**Problem to work on:**
Reproduce the material below only from the line with "F0Cc0bEaEAAQ_Ar?format=jpg&name=900x900" to the line with "214 E University", both included, keeping each line exact and dropping the pictures.

**Extracted data:**

+ + + + + + +

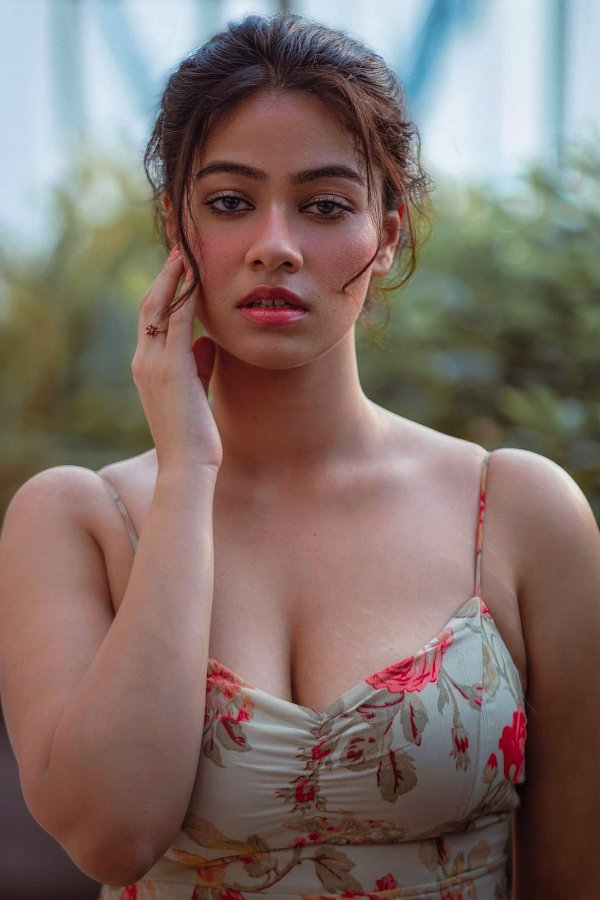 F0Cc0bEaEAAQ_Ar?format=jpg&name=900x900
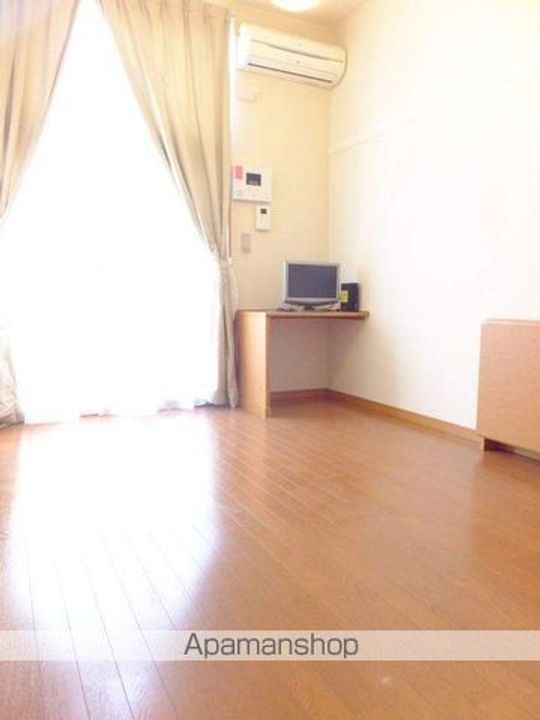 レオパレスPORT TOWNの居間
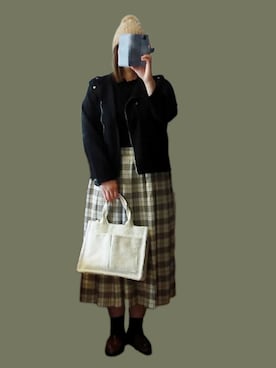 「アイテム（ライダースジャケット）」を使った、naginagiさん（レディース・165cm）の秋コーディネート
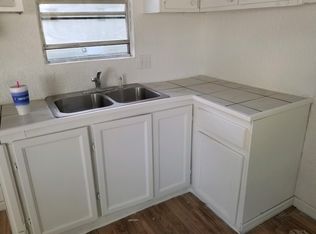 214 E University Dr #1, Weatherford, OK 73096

+ + + + + + +

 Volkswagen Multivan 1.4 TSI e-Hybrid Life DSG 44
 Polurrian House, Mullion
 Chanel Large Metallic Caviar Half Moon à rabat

+ + + + + + +

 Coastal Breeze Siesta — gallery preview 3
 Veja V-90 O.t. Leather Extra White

+ + + + + + +

**Answer:**
 F0Cc0bEaEAAQ_Ar?format=jpg&name=900x900
 レオパレスPORT TOWNの居間
 「アイテム（ライダースジャケット）」を使った、naginagiさん（レディース・165cm）の秋コーディネート
 214 E University Dr #1, Weatherford, OK 73096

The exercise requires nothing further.